A Very Nice Girl
Imogen Crimp

A Very Nice Girl
Imogen Crimp
Anna is struggling to afford life in London as she trains to be a singer. During the day, she vies to succeed against her course mates with their discreet but inexhaustible streams of cultural capital and money, and in the evening she sings jazz at a bar in the City to make ends meet.
Review
by Julia Jackson
The last time I read a book that happened to have ‘girl’ in the title, things didn’t pan out too well for the main character. But that was a crime fiction book, and A Very Nice Girl is literature, although reader, you could be forgiven for sometimes not being able to tell the difference due to the harrowing subject matter and that niggling sense of dread that slowly sets in like coastal fog.
At the centre of this highly anticipated release is Anna: twentysomething; impoverished student yet promising operatic soprano; newly uprooted from her sheltered country upbringing (lots to unpack there).

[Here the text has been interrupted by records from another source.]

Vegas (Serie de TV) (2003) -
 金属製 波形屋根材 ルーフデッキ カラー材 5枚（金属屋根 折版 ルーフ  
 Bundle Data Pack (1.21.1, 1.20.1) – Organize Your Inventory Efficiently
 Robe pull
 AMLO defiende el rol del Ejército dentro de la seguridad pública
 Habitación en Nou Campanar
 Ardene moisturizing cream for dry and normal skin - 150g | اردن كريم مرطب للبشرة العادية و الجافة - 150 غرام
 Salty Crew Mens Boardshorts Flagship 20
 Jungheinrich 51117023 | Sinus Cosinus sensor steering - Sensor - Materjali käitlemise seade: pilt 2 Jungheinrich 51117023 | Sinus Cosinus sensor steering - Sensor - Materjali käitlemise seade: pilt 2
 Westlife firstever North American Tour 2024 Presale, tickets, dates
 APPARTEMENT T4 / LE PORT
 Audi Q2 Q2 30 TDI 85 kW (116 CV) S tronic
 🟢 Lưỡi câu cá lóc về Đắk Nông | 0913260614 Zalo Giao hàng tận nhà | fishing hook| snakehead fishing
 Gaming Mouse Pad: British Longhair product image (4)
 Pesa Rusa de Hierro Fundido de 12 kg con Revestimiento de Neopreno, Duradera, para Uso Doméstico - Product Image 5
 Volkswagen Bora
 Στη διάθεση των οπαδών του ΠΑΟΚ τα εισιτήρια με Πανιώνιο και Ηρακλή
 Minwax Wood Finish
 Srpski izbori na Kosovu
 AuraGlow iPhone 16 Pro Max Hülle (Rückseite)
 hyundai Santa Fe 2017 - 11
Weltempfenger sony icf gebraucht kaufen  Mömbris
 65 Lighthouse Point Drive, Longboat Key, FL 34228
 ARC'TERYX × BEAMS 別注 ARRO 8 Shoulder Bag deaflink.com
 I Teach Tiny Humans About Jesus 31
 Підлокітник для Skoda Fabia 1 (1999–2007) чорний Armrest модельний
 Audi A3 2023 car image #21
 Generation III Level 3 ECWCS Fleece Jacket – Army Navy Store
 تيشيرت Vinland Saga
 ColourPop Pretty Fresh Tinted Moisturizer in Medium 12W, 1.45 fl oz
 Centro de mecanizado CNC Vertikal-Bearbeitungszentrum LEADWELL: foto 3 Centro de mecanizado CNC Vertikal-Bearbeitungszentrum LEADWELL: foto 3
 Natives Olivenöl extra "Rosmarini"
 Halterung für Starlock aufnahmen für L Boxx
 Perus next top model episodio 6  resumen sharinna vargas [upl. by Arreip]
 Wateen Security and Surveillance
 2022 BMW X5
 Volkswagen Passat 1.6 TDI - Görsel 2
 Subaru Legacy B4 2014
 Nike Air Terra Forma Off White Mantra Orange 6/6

Moonlighting as a jazz chanteuse at a moody London night-spot, Anna meets Max, an older swinging dick (financier, in the parlance), in an awkward initial encounter. It doesn’t take long for the breadcrumb trail of tiny alarms to start ringing. Gradually, the pull of Max’s ‘magnetic’ personality and mysterious lifestyle begins to take a hold of Anna. But it’s okay, supposedly, because they’re not in a relationship. Or are they? Little by little, the consequences of Max’s control begin to take their toll.
The ‘bible’ of the professions of the mind, the DSM, would have a lot to say about Anna and Max. So, I wager, would acclaimed journalist Jess Hill. While this book is inspired by Jean Rhys’ 1934 novel Voyage in the Dark, and closely mirrors its plotline of a young chorus girl’s troubling relationship with an older man, Imogen Crimp has delivered a thoroughly contemporary update. This is an assured debut that doesn’t squirm away from uncomfortable topics. Crimp’s use of opera as a central theme brings a ‘meta’ layer whereby both author and main character reflect on the visceral experiences of women at the hands of douchebags. After the shame and the rebuilding is Anna’s own realisation: ‘to not mute [one’s] colour to match someone else’s’.
Julia Jackson is the assistant shop manager at Readings Carlton.